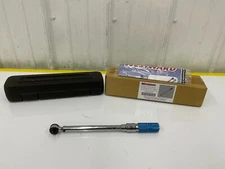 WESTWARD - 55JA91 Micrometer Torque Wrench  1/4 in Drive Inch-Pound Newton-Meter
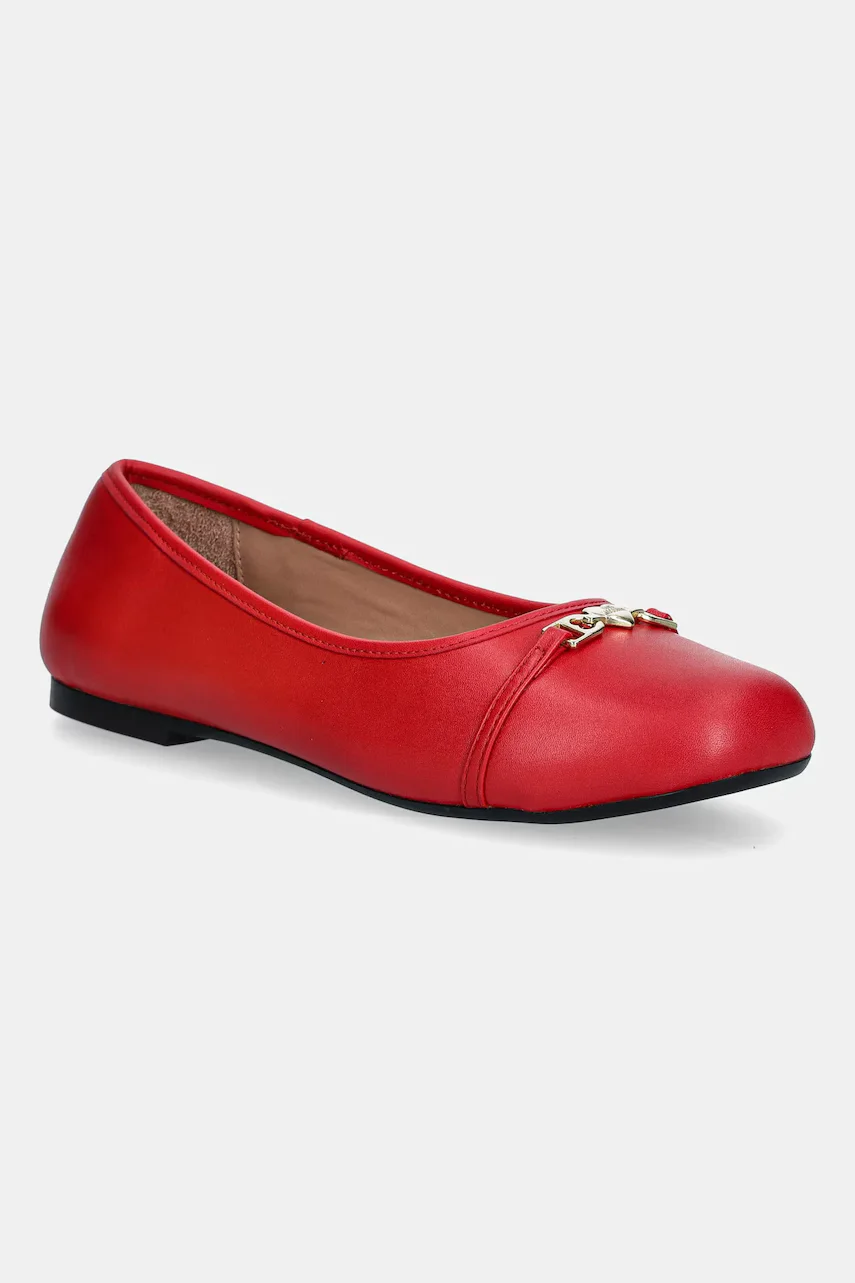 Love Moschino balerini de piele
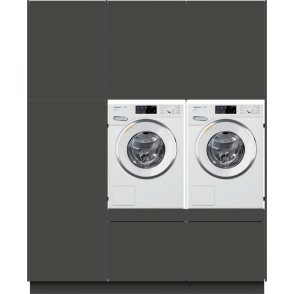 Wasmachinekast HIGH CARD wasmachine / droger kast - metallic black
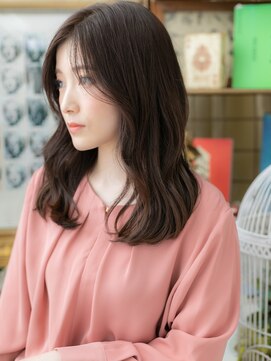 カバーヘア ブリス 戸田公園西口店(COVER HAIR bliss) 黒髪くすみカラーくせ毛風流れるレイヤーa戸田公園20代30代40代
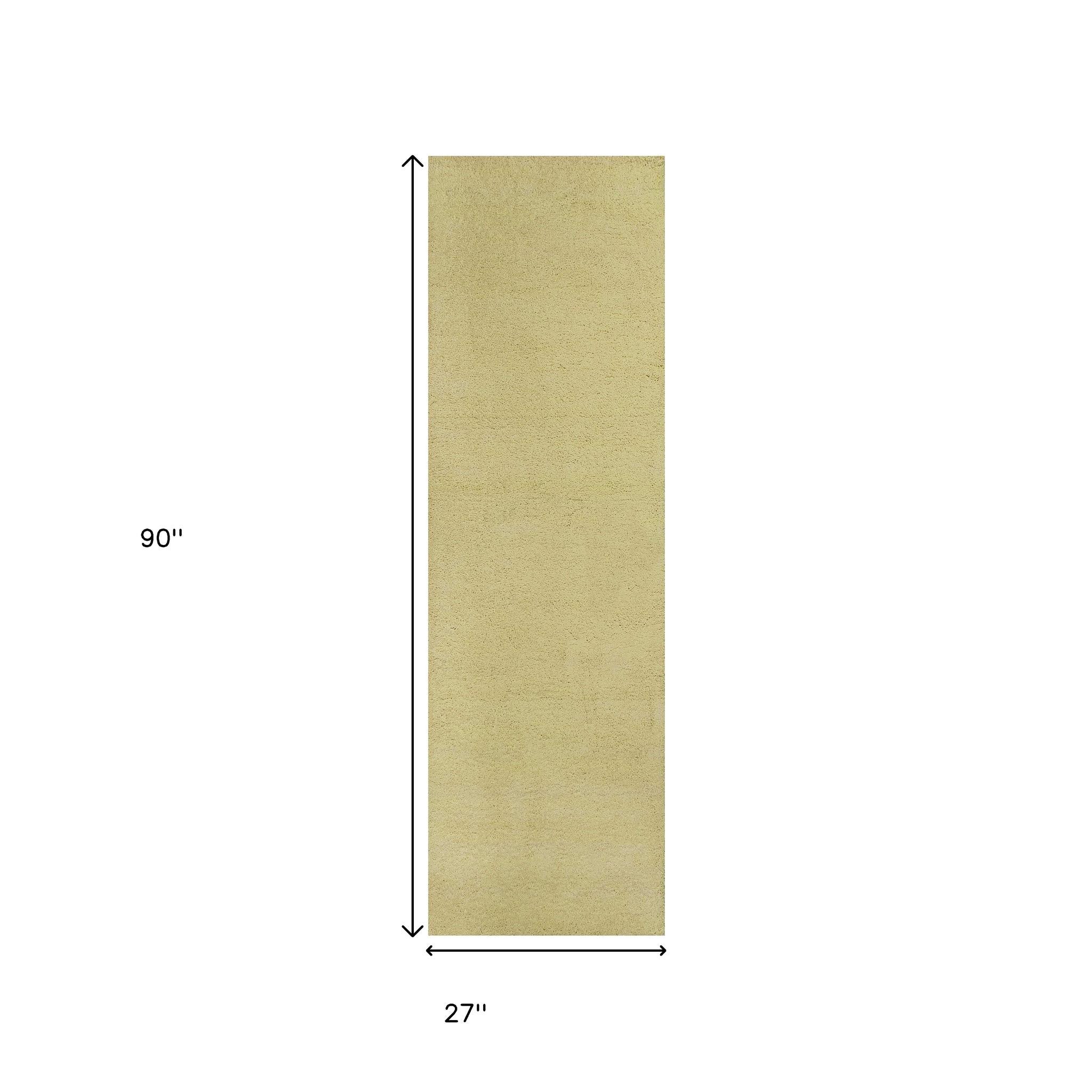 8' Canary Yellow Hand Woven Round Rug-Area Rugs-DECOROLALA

==

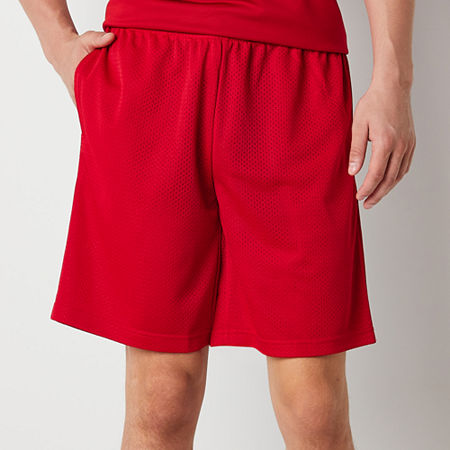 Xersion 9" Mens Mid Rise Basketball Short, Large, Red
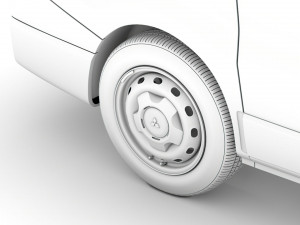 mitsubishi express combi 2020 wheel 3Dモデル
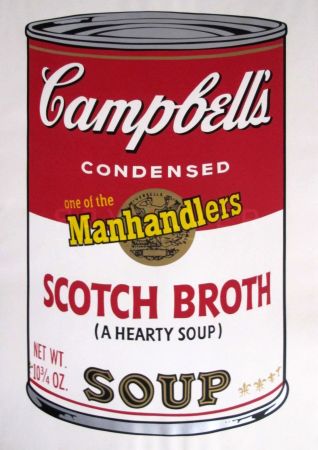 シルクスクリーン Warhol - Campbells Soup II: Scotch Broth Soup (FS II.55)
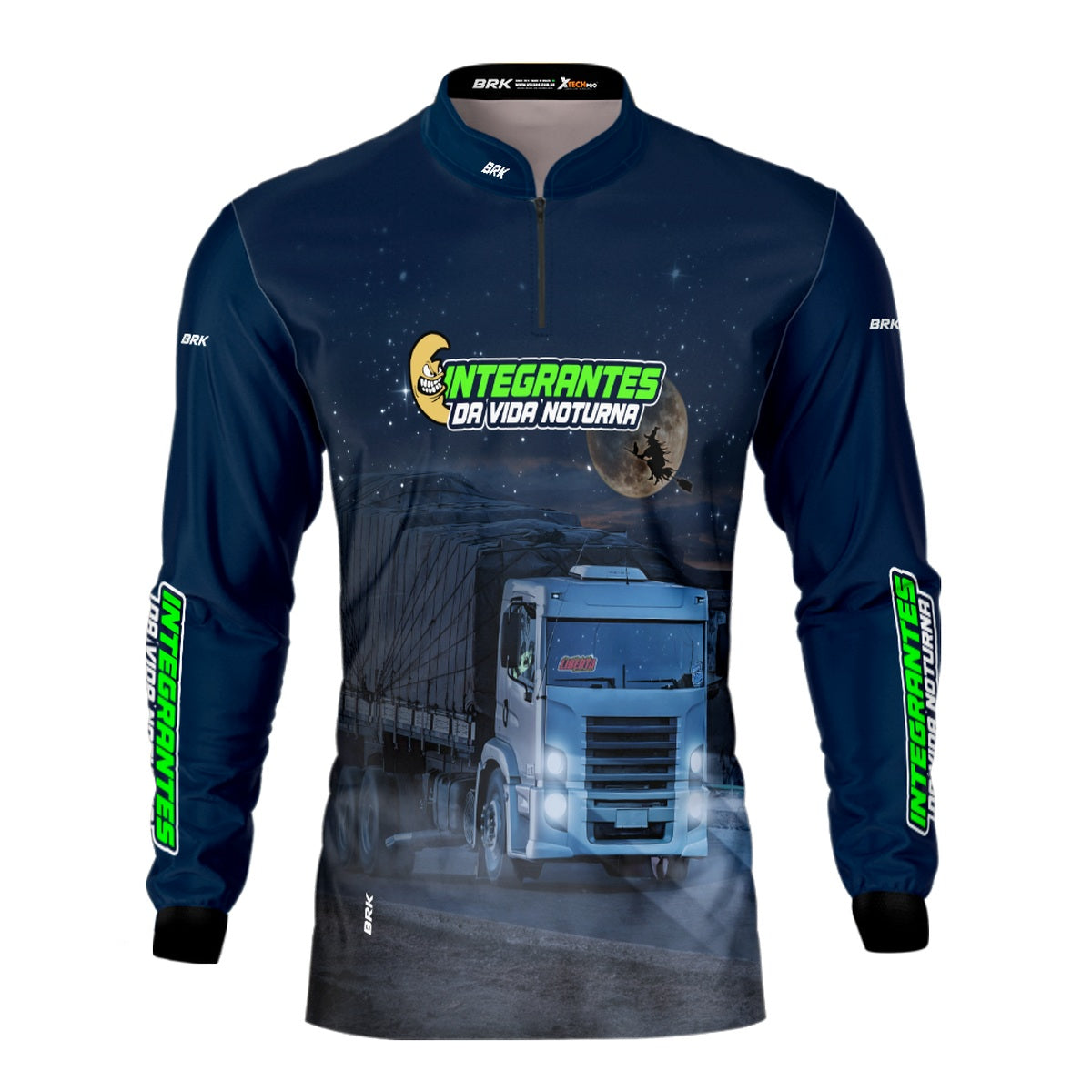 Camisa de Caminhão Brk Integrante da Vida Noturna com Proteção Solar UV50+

==

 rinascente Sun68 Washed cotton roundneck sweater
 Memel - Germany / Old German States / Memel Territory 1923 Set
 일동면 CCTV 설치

## What to produce
Of all the material above, only the lines from the one that has "カバーヘア ブリス 戸田公園西口店(COVER" down to the one that has "8' Canary Yellow" are to be written out, exactly and with both ends included. Pictures are skipped.

## Exercise output
 カバーヘア ブリス 戸田公園西口店(COVER HAIR bliss) 黒髪くすみカラーくせ毛風流れるレイヤーa戸田公園20代30代40代
 8' Canary Yellow Hand Woven Round Rug-Area Rugs-DECOROLALA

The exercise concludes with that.